Türkiye’nin tarımsal üretim gücü, büyük şirketlerden çok köylerdeki küçük üreticilerin emeğine dayanıyor. Birkaç dönüm tarlası, 10–15 ineği ya da 30–40 koyunu olan bu üreticiler, aslında soframızdaki ekmeğin, sütümüzün, etimizin gizli kahramanları. Ancak yıllardır süregelen yapısal sorunlar, onları ayakta kalma mücadelesi veren bir azınlık hâline getirdi.

Küçük üreticilerin en büyük sıkıntısı, artan girdi maliyetleri. Yem, mazot, gübre ve elektrik fiyatları son yıllarda katlanarak arttı. Oysa süt fiyatı ya da etin üreticiye yansıyan değeri aynı hızda yükselmedi. Örneğin bir litre sütü 15 liraya mal eden üretici, bunu çoğu zaman 12–13 liraya satmak zorunda kalıyor.
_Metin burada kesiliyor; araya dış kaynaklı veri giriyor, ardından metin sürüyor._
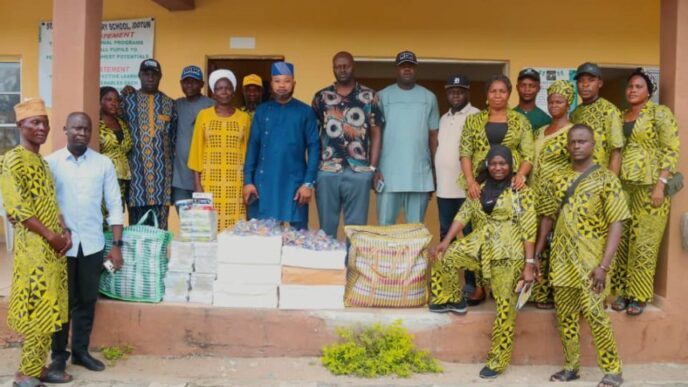 Lekki LCDA Chairman Boosts Pupils’ Morale With Free School Supplies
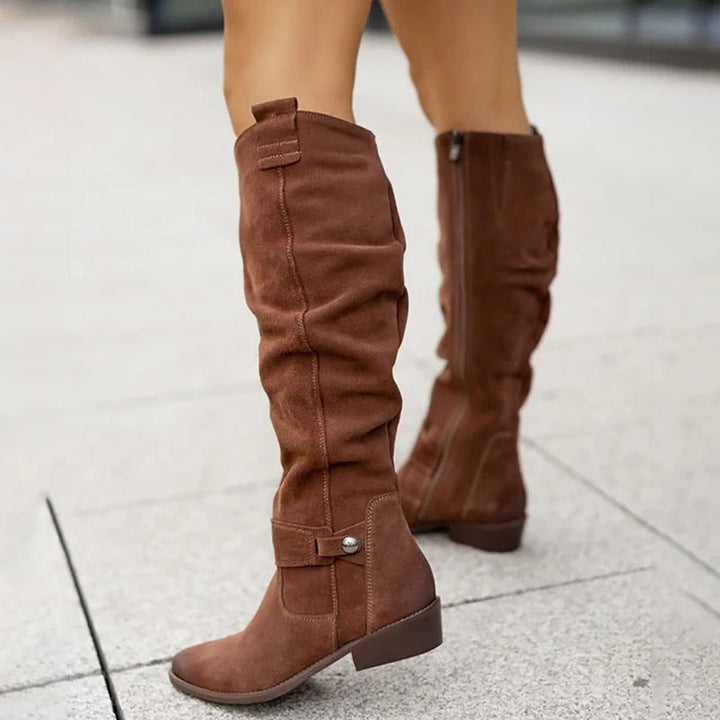 Bottes élégantes en cuir suédé 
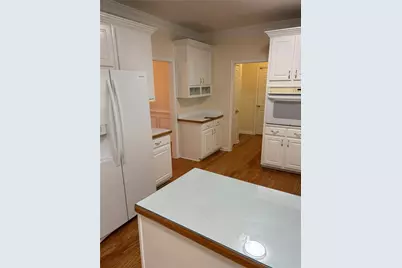 220 Cross Creek Drive, Lilburn, GA 30047 - Photo 5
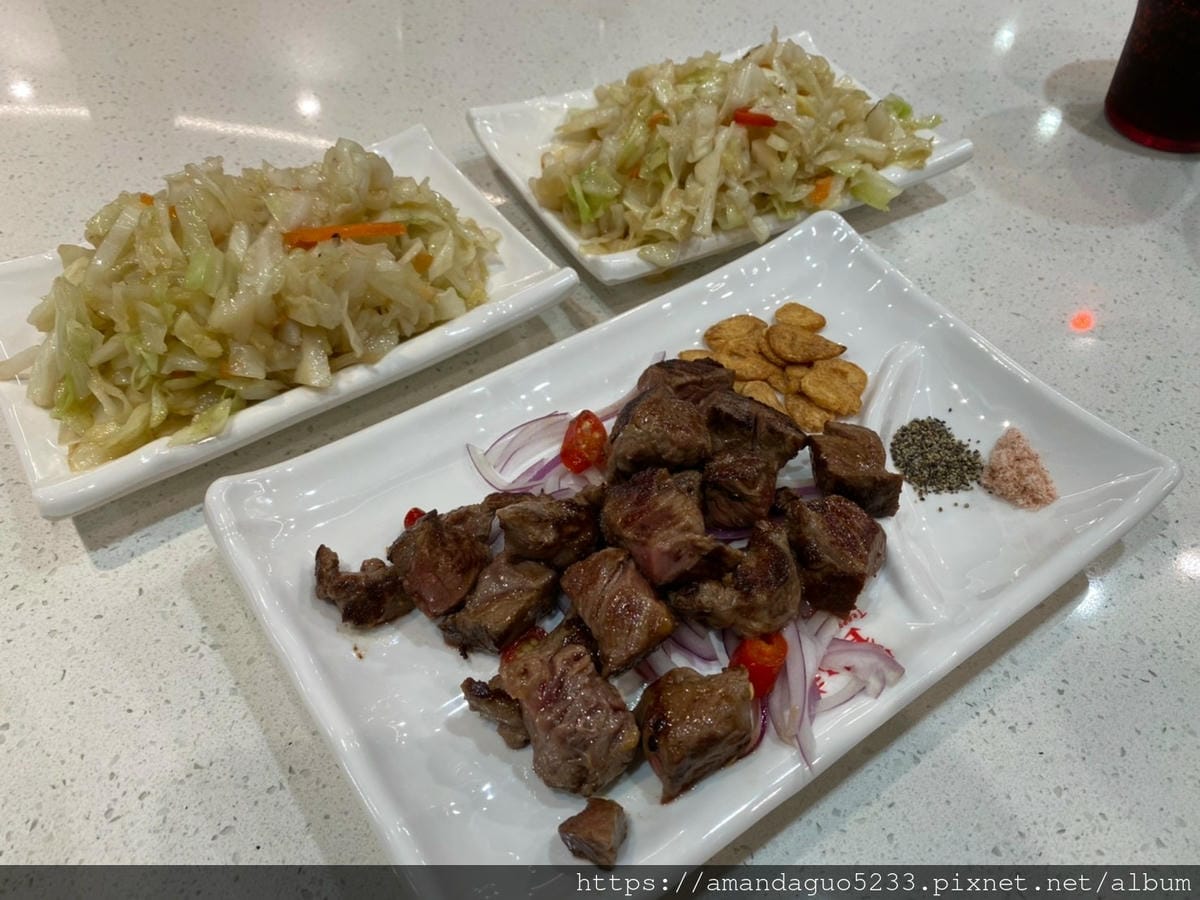 食記-台北市信義區饗燒板料理(統一時代台北店)新開幕! 食記-台北市信義區饗燒板料理(統一時代台北店)新開幕!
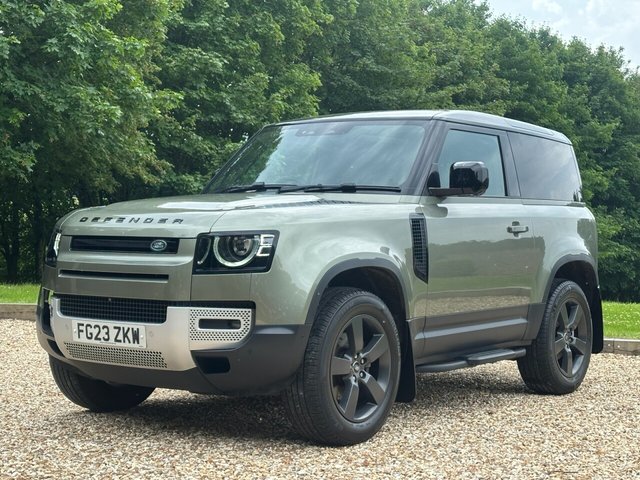 View our Land Rover Defender 90 3.0 D250 MHEV HSE SUV 3dr Diesel Auto 4WD Euro 6 (s/s) (250 ps)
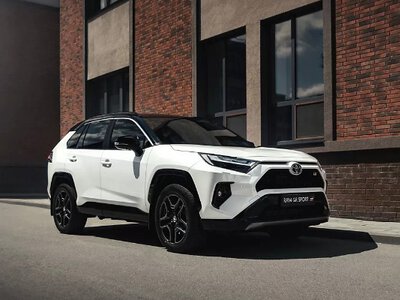 Українці стали купувати більше машин: скільки коштує найпопулярніше авто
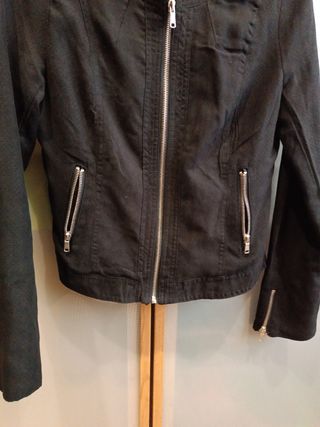 Chaqueta antelina negra
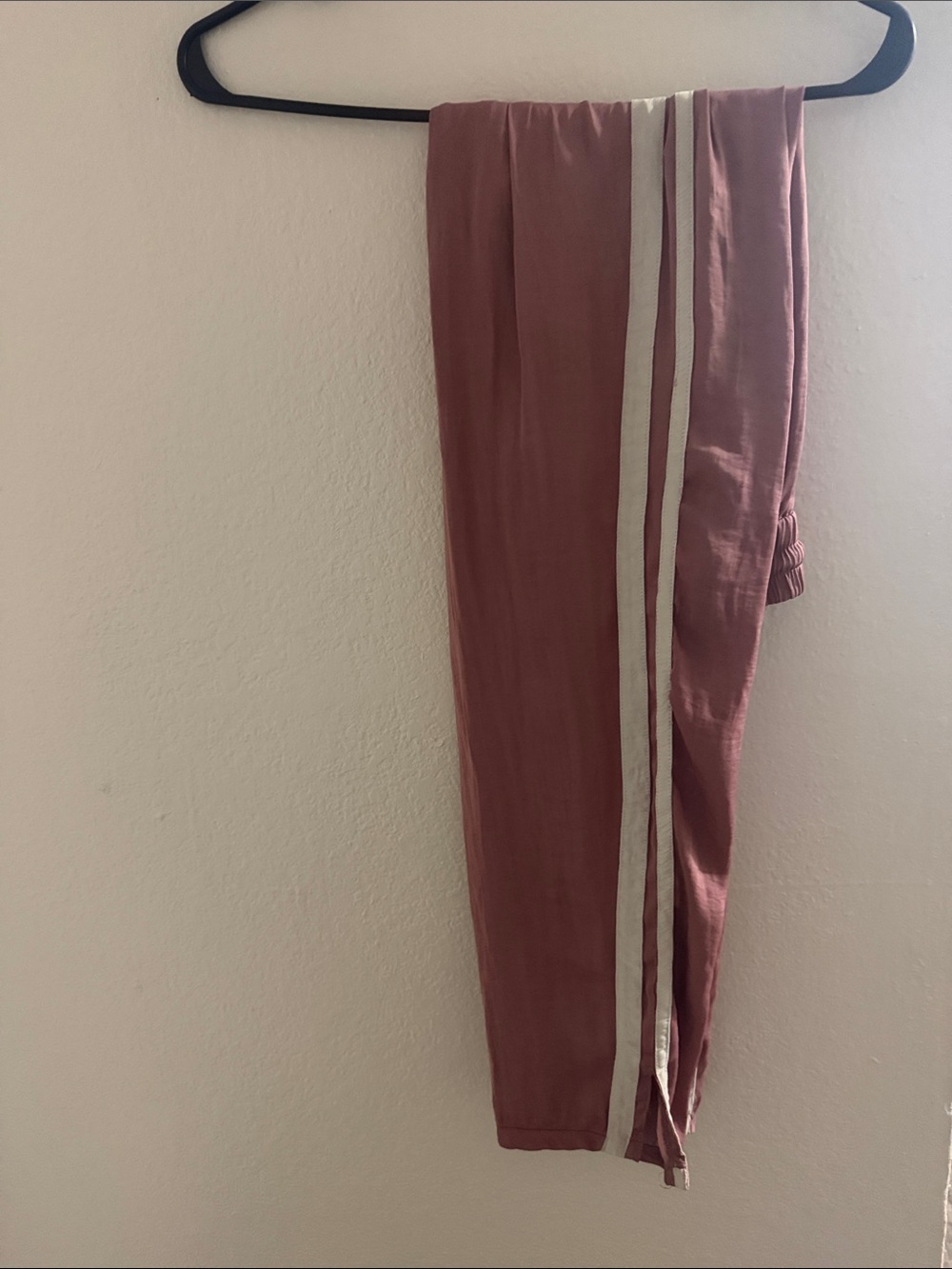 American Eagle Outfitters Mauve Joggers with White Side Stripes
Bu tabloyu gören birçok besici, süt ineğini kesime göndermekten başka çare bulamıyor.

Üretici ile tüketici arasındaki zincirde çok sayıda aracı var. Köyde 60 liraya satılan ürün, şehirde 150 liraya raflarda yer buluyor. Bu fark üreticiye değil, aracıya kazandırıyor. Küçük üretici, ürününü doğrudan satacak kooperatif, pazar ya da dijital kanallara erişemediği için gelirinin büyük bölümünü kaybediyor.

Bankalara, yem tedarikçilerine ya da elektrik dağıtım şirketlerine borcunu ödeyemeyen üreticilerin icralık olduğu sıkça gündeme geliyor. Ülkemizin dört bir yanından icradan satılık ahır haberleri artık sıradanlaştı. Haberlere çıkan çiftçi isyanları ise cabası. Borç batağındaki küçük üretici, üretimden çekildikçe kırsal boşalıyor.
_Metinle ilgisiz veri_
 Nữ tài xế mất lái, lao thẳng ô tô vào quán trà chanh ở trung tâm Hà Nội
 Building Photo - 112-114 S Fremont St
Ekonomik yükün yanı sıra küçük üreticiler sosyal olarak da yalnız. Köy okulları kapanıyor, sağlık hizmetleri eksik, gençler köyde kalmak istemiyor. Tarımsal üretimin devamı için kritik öneme sahip genç nüfus, şehirlerde farklı işlerde çalışmayı tercih ediyor. Bu da kırsalda yaşlanan bir üretici profili ortaya çıkarıyor.

Çözüm Nerede?

Sorunun çözümü aslında belli:

Kooperatifleşme güçlendirilmeli, küçük üretici ürününü doğrudan tüketiciye ulaştırabilmeli.

Destekler adil dağıtılmalı, büyük işletmeler yerine küçük aile işletmeleri öncelik kazanmalı.

Girdi maliyetlerini düşürecek politikalar (yem bitkisi ekiminin teşviki, mazotta vergi indirimi gibi) uygulanmalı.

Kırsal yaşam cazip hâle getirilmeli, eğitim ve sağlık altyapısı köylerde güçlendirilerek gençlerin göçü önlenmeli.

Küçük üretici aslında Türkiye’nin “sigortasıdır”. Onlar üretmezse şehirde market rafları boşalır, sofralarımız pahalanır, ülke dışa bağımlı hâle gelir. O yüzden küçük üreticinin sesi, sadece köy meydanında değil, meclis kürsüsünde de duyulmalı. Çünkü onların sorunları çözülmeden, Türkiye’nin gıda güvenliği de sağlanamaz.